Ab Mitte Türkei bist du nicht mehr allein – diesen Satz hatten wir in einem der vielen Reiseberichte gelesen. Und genau dieser Satz fiel uns jetzt wieder ein, denn wir waren nun etwa in der Mitte der Türkei und nicht mehr ganz so unbeobachtet wie sonst.

Die ersten Erfahrung machten wir hinter Ankara, als wir in einem kleinen Dorf einen Brunnen mit Wasserhähnen entdeckten. Wir waren auf der Suche nach einer Möglichkeit unsere komplett leeren Tanks aufzufüllen, aber die Moschee hinter dem Brunnen verriet: hier halten Moslems ihr Waschritual ab. Hier  500l  Wasser für unsere Tanks abzwacken? Sehr fragwürdig. Wir standen mitten auf dem Dorfplatz und man schaute schon aus der sicheren Ferne, warum denn der große grüne LKW hier plötzlich gelandet ist samt Mann, blonder Frau ohne Kopftuch und dem großen schwarzen Teufel mit Halsband. Höchst interessant!
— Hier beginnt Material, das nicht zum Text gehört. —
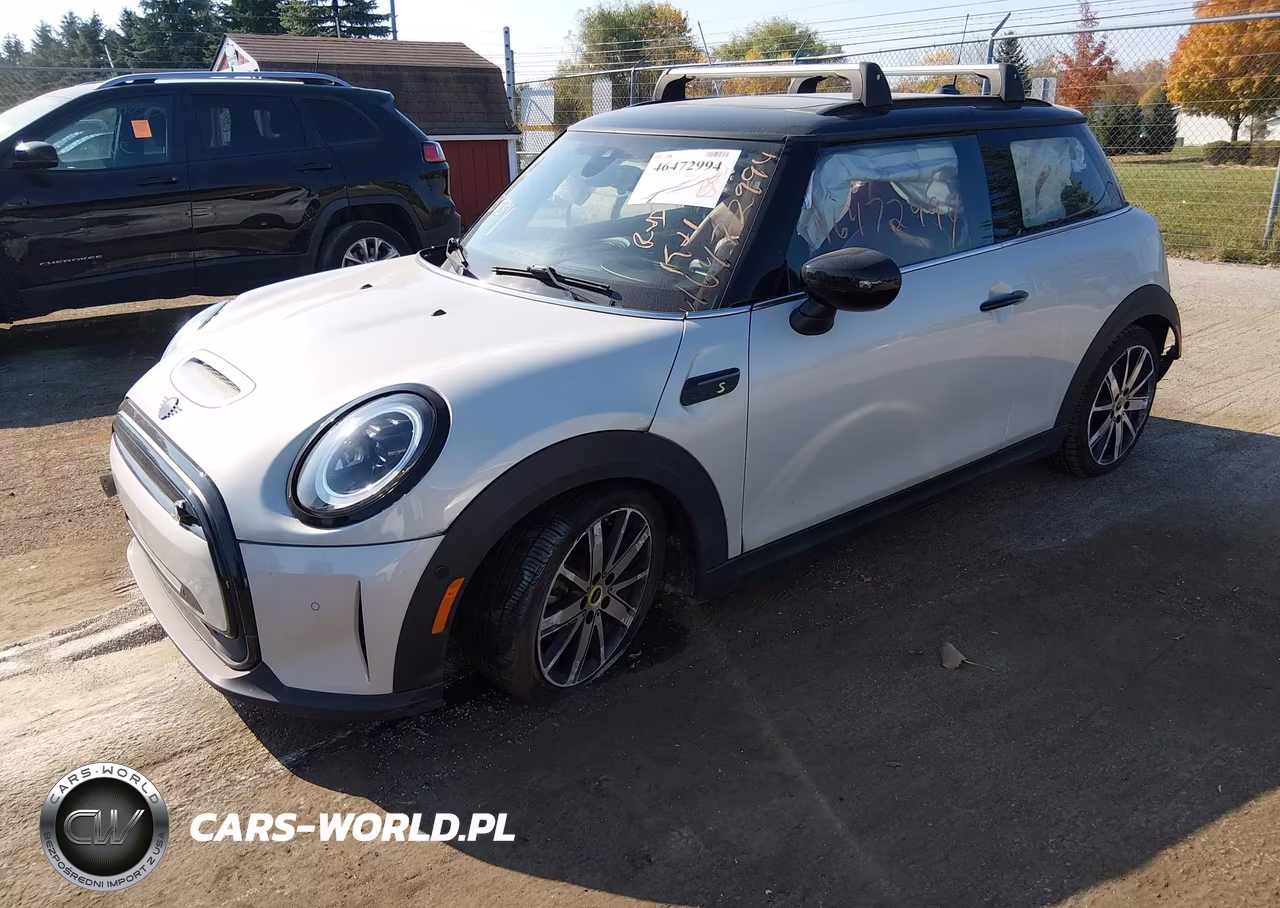 2023 Mini Se Hardtop Cooper VIN:WMW13DJ04P2T63334 - 2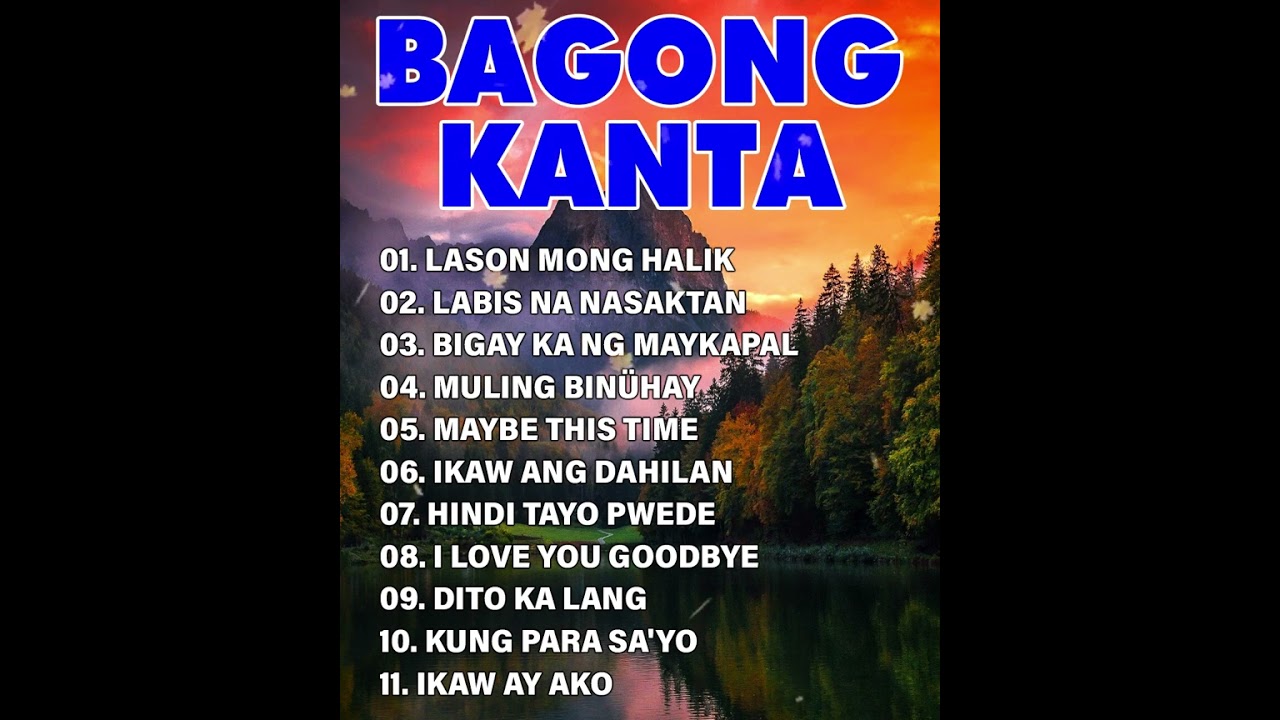 Old Tagalog Love Songs Medley 🎶 (80s & 90s)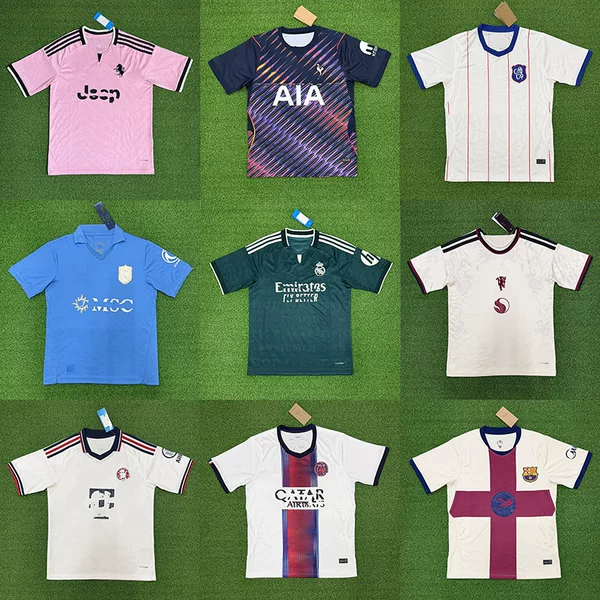 2627 Real Madrid Jersey Spain Miami Ac Arsenal Chelsea Flamengo Napoli Football Uniform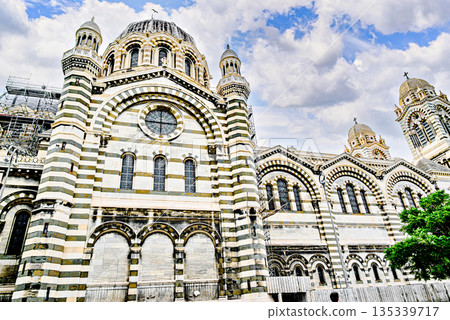 Marseille Cathedral or Cathedral of Saint Mary Major, France Marseille Cathedral or Cathedral of Saint Mary Major, France 135339717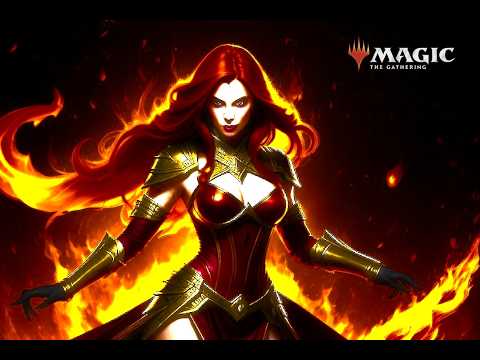 MTG ARENA Core Set Draft! Chandra Abandoned me!!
Wir überlegten kurz, ob wir weiterfahren oder fragen sollten und entschieden uns für Letzteres. Mit Händen, Füßen und gemalten Zahlen auf dem Frosch versuchte Till einem der Dorfbewohner zu erklären, dass wir unsere Wassertanks auffüllen wollten. Der Mann hob die Arme ausgestreckt zum Himmel, sagte etwas auf türkisch und lachte uns freundlich an. Ich interpretierte, dass der Brunnen soviel Wasser hat, wie wir wollen. Er ging weg und kam zurück mit Obst als Geschenk für uns und einer 2l Fantaflasche. Oh. Ich wollte jetzt nicht 1.000 mal die Flasche füllen, dachte ich. Wir zeigten ihm unseren Schlauch. „Tamam (ok)?“ Fragte ich. „Tamam!“ Er lachte, hatte verstanden und befestigte den Schlauch am Wasserhahn. Till übernahm und unser Helfer zückte sein Handy und schoss erst ein Foto von Till und dann eins von Ole hinterm Steuer. So ein Happening in diesem kleinen Dorf muss natürlich festgehalten werden! Von mir machte er kein Foto, ich bin ja auch eine Frau. Wir schenkten ihm zum Dank einen unserer Frosch-Pins. Dann war er weg und beobachtete uns vermutlich weiter aus der Entfernung.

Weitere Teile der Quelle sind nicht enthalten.